[CSDb] - User Forums - Fast large multiplies

Welcome to our latest new user Nicron ! (Registered 2024-05-21)

You are not logged in - nap

CSDb User Forums

Forums > C64 Coding > Fast large multiplies

2012-06-09 19:45

Repose

Registered: Oct 2010
Posts: 222

Fast large multiplies

I've discovered some interesting optimizations for multiplying large numbers, if the multiply routine time depends on the bits of the mulitplier. Usually if there's a 1 bit in the multiplier, with a standard shift and add routine, there's a "bit" more time or that bit.
The method uses several ways of transforming the input to have less 1 bits. Normally, if every value appears equally, you average half 1 bits. In my case, that becomes the worst case, and there's about a quarter 1 bits. This can speed up any routine, even the one that happens to be in rom, by using pre- and post- processing of results. The improvement is about 20%.
Another speedup is optimizing the same multiplier applied to multiple multiplicands. This saves a little in processing the multiplier bits once. This can save another 15%.
Using the square table method will be faster but use a lot of data and a lot of code.
Would anyone be interested in this?

... 144 posts hidden. Click here to view all posts....

2022-01-30 11:51

Repose

Registered: Oct 2010
Posts: 222

I've been going all over the place with distractions, but, I'm exploring a completely new number system which has potential. As I mentioned in my big list, there's many more ways to do math than just 2's complement. Here is a log based arithmetic system, where multiply is as fast as an add, and add is a bit slower:

# -*- coding: utf-8 -*-
"""
Created on Fri Jan 28 22:46:53 2022

@author: Repose
A module to analyze arithmetic via logs
ref.
https://www.siranah.de/html/sail042q.htm
"""

#imports
import sys
from math import log2

#functions/classes
scale=256/log2(256) #8-bit range
lo=lambda x:x&255 #util for creating tables (for future development)
hi=lambda x:(x>>8)
logadd=lambda x:round(log2(1+1/pow(2,x/scale))*scale) #scaled table to add two logs
logsub=lambda x:round(log2(1+pow(2,x/scale))*scale) #scaled table to sub two logs
exp=lambda x:round(pow(2,x/scale)) #scaled exponential 2^x table
lg=lambda x:round(log2(x)*scale) #scaled log2(x) table

def mult(x,y):
    '''Multiply two integers via their logs

    Keyword arguments:
        x,y -- integers 0 to 255
    Returns:
        The approximate product
    '''
    return exp(lg(x)+lg(y))

def add(x,y):
    '''Add two integers via their logs

    Keyword arguments:
        x,y -- integers 0 to 255
    Returns:
        The approximate sum
    '''
    return exp(logadd(lg(y)-lg(x))+lg(y))
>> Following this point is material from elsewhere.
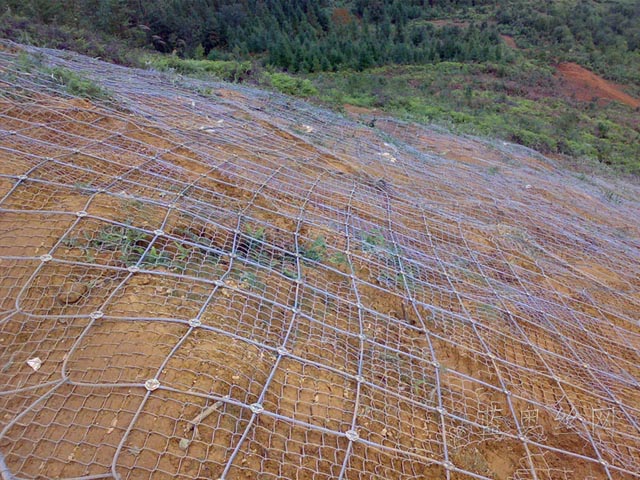 ߅�·��o(h��)�W(w��ng)���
def output_table(fmt, fname, name, addr, tab, start, end):
    '''Output a table as an assembly include file

    Keyword arguments:
        fmt -- string, "ACME"
        fname -- string, filename of output file
        name -- string, table name
        addr -- integer start address of table
        tab -- generator function
        start -- integer start index value
        end -- integer end index value + 1
    Returns:
        0 (success)
        5 (failed to open file)
    '''
    try:
        with open(fname, 'w') as f:
            print(f'writing {fname}')
            
            if fmt.lower()=="acme":
                fmt_data='!by '
            elif fmt.lower()=="dasm":
                fmt_data='dc.b '
            else:
                print(f'unknown assembler format {fmt}')
                return 1 #traditional DOS incorrect function

            #header
            f.write(f'{name}=${addr:04X}\n')
            step=16
            for i in range(start,end,step):
                #line start
                f.write(fmt_data)
                k=i+step if i+step<end else end
                first_invalid=True
                first_overflow=True
                for j in range(i,k):
                    try:
                        val=tab(j)
                    except ValueError:
                        val=0
                        if first_invalid:
                            print(f'warning: invalid table value replaced with 0 at index {j}')
                            first_invalid=False
                    if val>0xff:
                        val=val & 0xff
                        if first_overflow:
                            print(f'warning: table value overflowed at index {j}')
                            first_overflow=False
                    f.write(f'${val:02X}')
                    if j!=k-1:
                        f.write(',')
                    else:
                        f.write('\n')

    except:
            print(f"Couldn't open {fname} for writing")
            return 5 #traditional DOS error code

#main
def main():
    '''Analyze arithmetic of two integers via their logs

    Keyword arguments:
        none
    Returns:
        0 (success)
    '''
    print('Guassian logs analysis\n')
    print('accuracy test\n')
    
    #should write a helper class for this
    erm=0 #maximum multiply error
    era=0 #maximum addition error
    
    for x in range(1,256):
        for y in range(x, 256):
            
            er=mult(x,y)-x*y
            if er>erm:
                erm=er
                pxm=x
                pym=y
                
            er=add(x,y)-(x+y)
            if er>era:
                era=er
                pxa=x
                pya=y
    
    #requires python 3.6+ due to f strings
    print('multiply')
    print(f'max err was {erm} ({erm/(pxm*pym)*100:.2f}%) at x={pxm} and y={pym}')
    print(f'{pxm}*{pym}={pxm*pym}, mult({pxm},{pym})={mult(pxm,pym)}\n')

    print('add')
    print(f'max err was {era} ({era/(pxa+pya)*100:.2f}%) at x={pxa} and y={pya}')
    print(f'{pxa}+{pya}={pxa+pya}, add({pxa},{pya})={add(pxa,pya)}\n')
    
    #write tables
    print('writing tables')
    tables=[{"func":lg,"name":"logtab"}, {"func":exp,"name":"exptab"}, {"func":logadd,"name":"logadd"}]
    addr=0xc000
    assembler='acme'
    for table in tables:
        #output_table(fmt, fname, name, addr, tab, start, end+1)
        output_table(assembler, table["name"]+'.asm', table["name"], addr, table["func"], 0, 256)
        addr+=0x100


if __name__ == '__main__':
	sys.exit(main())

writing logtab.asm
warning: invalid table value replaced with 0 at index 0
warning: table value overflowed at index 254
writing exptab.asm
writing logadd.asm

Main.asm to come...

2022-01-30 12:10

Krill

Registered: Apr 2002
Posts: 2854

The log/exp approach isn't new on this system, though. =)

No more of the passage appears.